De Commissie heeft altijd met tijdelijk personeel gewerkt en moet dat ook kunnen blijven doen. De oude regeling volstond echter niet: ze was te rigide en de arbeidsvoorwaarden waren niet aantrekkelijk genoeg. De Commissie zal in de toekomst contractanten in de arm kunnen nemen voor belangrijke, momenteel door ambtenaren van categorie D en hulpfunctionarissen uitgevoerde niet-kerntaken bij de uitvoerende agentschappen, de vertegenwoordigingen, de delegaties en de Commissie zelf. De contractanten worden alleen voor niet-kerntaken ingeschakeld en werken altijd onder leiding van vast personeel. Er komen in beginsel twee soorten contracten: contracten met een aanvankelijke duur van maximaal vijf jaar die met nog eens maximaal vijf jaar verlengbaar zijn en bij de tweede verlenging (als de prestaties goed zijn) in een contract van onbepaalde duur kunnen worden omgezet, en contracten van maximaal drie jaar voor personeel dat momenteel de functie van hulpfunctionaris uitoefent.

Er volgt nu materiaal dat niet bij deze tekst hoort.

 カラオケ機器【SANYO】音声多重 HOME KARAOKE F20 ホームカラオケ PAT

Voor de redacties: toelichting bij de hervorming

De administratieve hervorming van de Commissie stoelt op het witboek Hervorming van de Commissie van maart 2000, waarin 98 voorstellen staan voor de modernisering van de EU-administratie op de gebieden dienstverlening, strategische planning en programmering, financieel beheer en financiële controle, en personeelsbeleid. Het recentste uitgebreide voortgangsverslag over de hervorming is gepubliceerd op 9 februari 2004 (IP/04/177).

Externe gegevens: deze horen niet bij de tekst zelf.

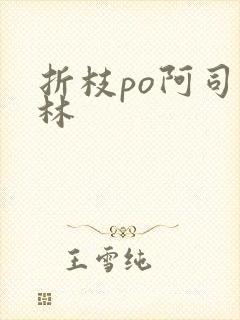 折枝po阿司匹林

De Commissie heeft tussen oktober 2000 en februari 2001 specifieke gedetailleerde voorstellen gedaan voor de modernisering van haar personeelsbeleid. Daarna vond tot maart 2002 intensief overleg met de personeelsvertegenwoordiging van de EU-instellingen plaats. In april 2002 diende de Commissie haar voorstellen in bij het Parlement en de Raad. Op 19 mei 2003 werd met de Raad politieke overeenstemming bereikt over alle hoofdpunten van de hervorming, waarna de Commissie op 18 november 2003 een gewijzigd voorstel indiende. Alle bepalingen werden daarna, zoals wettelijk verplicht is, door het interinstitutionele Comité van overleg (CoCo) bekeken en nu heeft de Raad de definitieve versie van het herziene statuut vastgesteld.